# Detecting outliers in water quality data

This post proposes a simple method to detect outliers in water quality data.  This is based on a proposal by John Tukey as discussed in the Wikipedia article: Outliers.

Tukey proposed a method that could be used to flag outliers based on the interquartile range.  An outlier is any observation falls outside:

${[} Q_1 - k(Q_3 - Q_1) {]}, {[} Q_3 + k(Q_3 - Q_1) {]}$

Where, Q1 and Q3 are the lower and upper quartiles.

Tukey proposed that k = 1.5 could be used to flag outliers, while k = 3 suggests observations that are “far out”.

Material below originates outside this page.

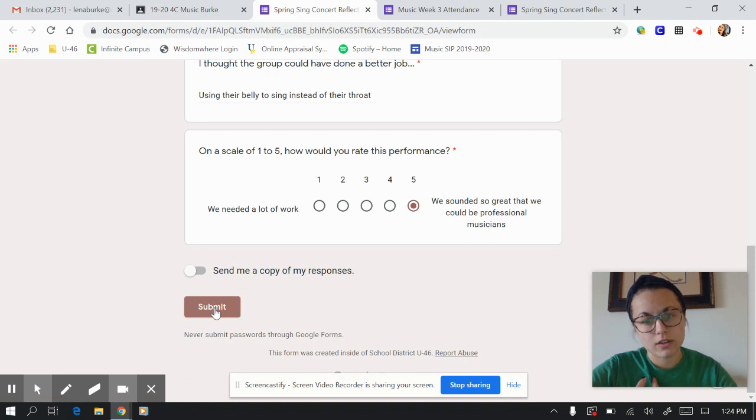So thank you for watching. And I hope now you understand how to fill out a Google Form. Miss you guys.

A guide to whether the maximum or minimum value in a dataset are outliers is to calculate their k values.

$k_{max} = \frac{max(O) - Q_3}{Q_3 - Q_1}$

$k_{min} = \frac{ Q_1 - min(O)}{Q_3 - Q_1}$

The appealing feature of using the interquartile range is that it is resistant to outliers so there is reduced change of the statistic used to flag any outlier being influenced by outliers, an issue known as masking.

A function to calculate the k value for the maximum and minimum of a dataset is as follows:

Tukey_k <- function(x){
my.quantile <- quantile(x, na.rm = TRUE)
Q_25 <- my.quantile[2]
Q_75 <- my.quantile[4]

k_max <- as.vector((max(x, na.rm = TRUE) - Q_75)/(Q_75 - Q_25))
k_min <- as.vector((Q_25 - min(x, na.rm = TRUE))/(Q_75 - Q_25))

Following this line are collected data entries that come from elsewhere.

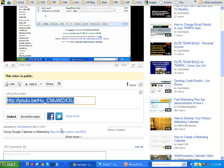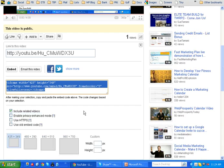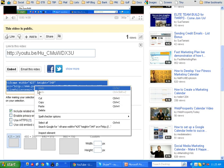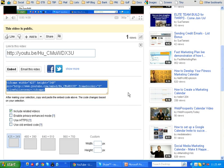Click on that and you'll see embed down below. Click on that. It opens up. You copy this — right click copy.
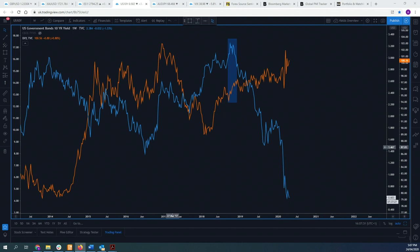U.S. Treasuries are considered one of the safest investments money can buy, which usually means that during times of intense market turmoil, we usually see bond prices rise and thus bond yields fall — and vice versa when we see a very strong risk-on appetite in the market. It's also important to note that bond yields don't only move based on risk tones; their actual primary driver is based on interest rate changes and, more importantly, interest rate expectations.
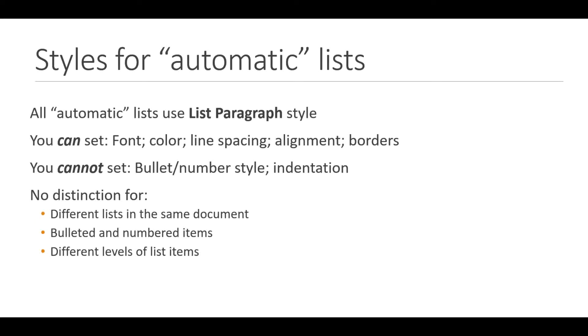Hi, Mike here again with another video about using styles in Microsoft Word. Today I'm going to start a series on how to use styles with lists in Word, a rich topic.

data.frame(k_max = k_max, k_min = k_min)

}

Let’s run some tests.

If we calculate the k values for a large normally distributed dataset (say 100,000 observations) they are less than 3.  For these data, getting a value larger than 3 is obviously rare.

set.seed(2016)
Tukey_k(rnorm(100000))
# k_max k_min
# 1 2.530309 2.531518

For water quality observations, a review by Duncan (1999) suggested the log-normal distribution was a good approximation for all the data he looked at so we need to take logs of the observations before calculating the k values.

For some data on Nickel concentration I’m working on, the k for the maximum value is 4.3.  Clearly a ‘far out’ value and one that deserves checking, via a histogram or QQ plot (see below).  Of the 12,000 values in this dataset there are clearly 15 or so that are very large (relative to the bulk of the data).

Code is available as a gist.